Lately, I’ve been feeling quite nostalgic about old inventions and innovations. Things that made life meaningfully easier in simple ways that didn’t feel to threatening or high stakes. Think cameras, refrigerators, fountain pens, lights…
The Pfister’s lighting is one of those stories about innovation. When it opened in 1893, it was groundbreaking. Here’s what actually went into it.
The Pfister opened electric, not gas, and it generated its own power to do it. When the hotel opened in 1893, electricity was still the exception. Most hotels of the era ran on gas. The Pfister opened fully wired, powered by its own on-site plant, at a moment when that was a genuine technological gamble, not a given. It also made the hotel safer. The building itself was constructed to be fireproof, and skipping gas and candles for electric light removed one of the biggest fire risks of the time.
Every fixture was designed by a company solving a brand-new problem: how to make electric light beautiful.

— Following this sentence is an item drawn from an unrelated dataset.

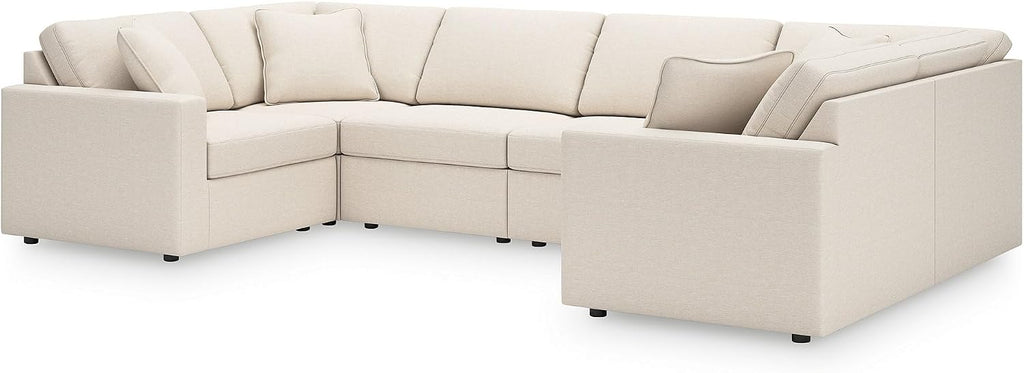 Signature Design by Ashley Modmax Contemporary Stain Resistant 6-Piece Sectional with Armrest, Throw Pillows and Reversible Cushions, Beige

All the electric fixtures in the hotel were designed and manufactured by the Archer & Pancoast Manufacturing Company of New York. Their philosophy was that a fixture’s first job was to let the lamps do their work, and only after that was ornament allowed in. Nothing overdone, nothing superfluous.

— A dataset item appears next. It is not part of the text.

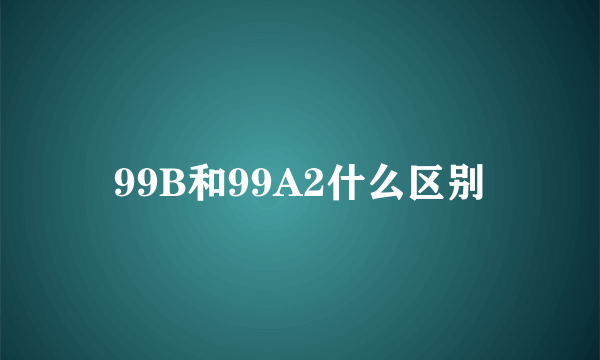 99B和99A2什么区别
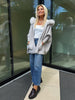 Grey Poncho w/ Fur Hood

The install was local, and wealthy Milwaukeeans noticed. W.E. Goodman, Milwaukee’s largest dealer in gas and electric fixtures at the time, put up every fixture in the hotel and supplied all the cut glass globes. His chandelier designs were so popular that wealthy residents started commissioning smaller versions for their own homes, so pieces of the Pfister’s lighting ended up scattered around private homes in the city.
Some of those fixtures are still lighting the hotel today. The Imperial Ballroom’s gold-plated chandeliers are the same ones that have hung there since the hotel opened, restored rather than replaces through the decades. It’s a rare thing, walking under light fixtures that are still doing the exact job they were designed for well over a century ago.
Archer & Pancoast designed the fixtures in Brooklyn. W.E. Goodman installed them here in Milwaukee. A power plant ran quietly in the basement so the whole building could glow at once. None of it happened by accident.
That’s the kind of innovation I miss thinking about. Progress had a face. You could point to Goodman’s chandeliers in someone’s parlor and know exactly where the idea came from.